Polonya'da yapılan bir araştırmaya göre işe gidiş geliş süresinin uzaması düşük riskini artırabiliyor

İşe gidip gelmek için daha fazla zaman harcayan kadınların, işyerlerine yakın yaşayanlara göre düşük yapma riski daha yüksektir. Varşova Üniversitesi'nden Dr. Ewa Jarosz, günlük işe gidip gelme süresinin uzunluğunun, gebelik kaybını etkileyen değiştirilebilir çevresel faktörlerden biri olabileceğini vurguluyor.
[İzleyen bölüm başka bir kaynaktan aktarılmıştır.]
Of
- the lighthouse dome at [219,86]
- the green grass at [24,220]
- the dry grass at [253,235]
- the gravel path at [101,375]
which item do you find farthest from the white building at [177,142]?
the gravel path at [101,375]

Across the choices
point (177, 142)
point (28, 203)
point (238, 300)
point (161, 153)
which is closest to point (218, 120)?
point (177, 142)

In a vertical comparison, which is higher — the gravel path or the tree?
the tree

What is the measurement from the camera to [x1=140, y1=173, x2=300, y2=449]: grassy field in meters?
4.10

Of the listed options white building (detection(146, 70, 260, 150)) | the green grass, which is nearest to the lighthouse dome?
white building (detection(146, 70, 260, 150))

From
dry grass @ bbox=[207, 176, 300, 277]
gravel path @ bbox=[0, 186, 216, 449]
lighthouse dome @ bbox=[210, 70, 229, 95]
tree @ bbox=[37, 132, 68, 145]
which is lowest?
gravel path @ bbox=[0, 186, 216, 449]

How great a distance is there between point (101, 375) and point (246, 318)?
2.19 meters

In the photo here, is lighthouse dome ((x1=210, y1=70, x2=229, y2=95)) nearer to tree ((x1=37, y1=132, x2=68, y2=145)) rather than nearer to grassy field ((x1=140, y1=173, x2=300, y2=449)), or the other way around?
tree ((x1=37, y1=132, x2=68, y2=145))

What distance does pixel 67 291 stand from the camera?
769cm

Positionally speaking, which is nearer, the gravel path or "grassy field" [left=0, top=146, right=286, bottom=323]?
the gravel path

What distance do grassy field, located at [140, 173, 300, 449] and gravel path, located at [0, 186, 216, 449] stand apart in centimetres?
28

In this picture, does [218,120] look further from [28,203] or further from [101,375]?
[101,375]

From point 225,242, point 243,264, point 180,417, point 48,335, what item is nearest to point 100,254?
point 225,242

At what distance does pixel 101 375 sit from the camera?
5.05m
Varşova Üniversitesi İktisadi Bilimler Fakültesi'nden bir uzman, PAP'a yaptığı açıklamada, "Düşük veya 20. haftadan önce gebeliğin sonlanması, en sık görülen gebelik komplikasyonudur ve bilinen risk faktörleri arasında uzun süre ayakta durma, kimyasallara maruz kalma ve vardiyalı çalışma yer alır. Ancak, birçok kadının rutininin bir parçası olmasına ve hem fiziksel hem de çevresel çeşitli stresler içerebilmesine rağmen, günlük işe gidip gelme konusu henüz kimse tarafından ele alınmadı." dedi.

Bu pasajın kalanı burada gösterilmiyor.